In Mullaittivu, a town in the northeastern corner of Sri Lanka devastated by the tsunami, three people have died of a flu that has puzzled the Tamil Tiger rebels in control of the area.

Not taking any chances, guerrillas in gloves and surgical masks are looking for corpses by tracking down the stench.

"You find the corpses by the smell. Since yesterday they have begun to stink very badly. They are extremely decomposed," Tiger commander Vaneer Sivanayaham said.

In government-controlled southern Sri Lanka, foreigners caught up in the tsunami have been pitching in to the huge effort to clean up the island, which fears for the future of its lucrative tourism industry.

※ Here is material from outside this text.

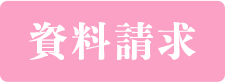 資料請求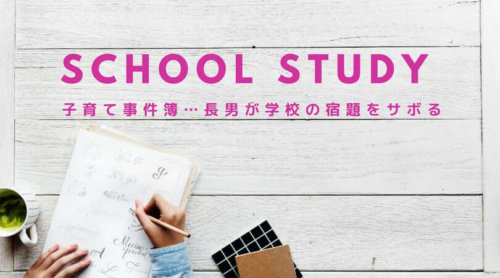 【宿題サボり】発達障害で勉強は苦手。でも学ばなくては未来は開けない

Britons Ian and Anna Betts said locals and tourists have been paying themselves for diesel and drivers to get private earthmovers to shift the rubbish from the streets due to a dire lack of official assistance.

"All this money they say on the news is being donated, it's not getting down here. They could use any trucks. Where are the trucks? Where's the food?" Ian Betts said.

The couple, who have friends in hard-hit Thailand they are not sure have survived, said they saw no point leaving.

"We didn't lose anything. We're helping out -- not leaving like the people on the package tours whose buses have come in to take them out again. We don't mind because we're travelling for a long time," Ian said.

Sri Lankan government officials say nearly 50 percent of the tourists have left the country in the last few days following Sunday's tsunamis.

There were around 19,000 foreign tourists on the tropical island when the sea surges killed nearly 29,000 people, including over 100 foreigners.

In Thailand, the interior ministry said foreigners made up 2,407 of the 4,812 dead, or over half.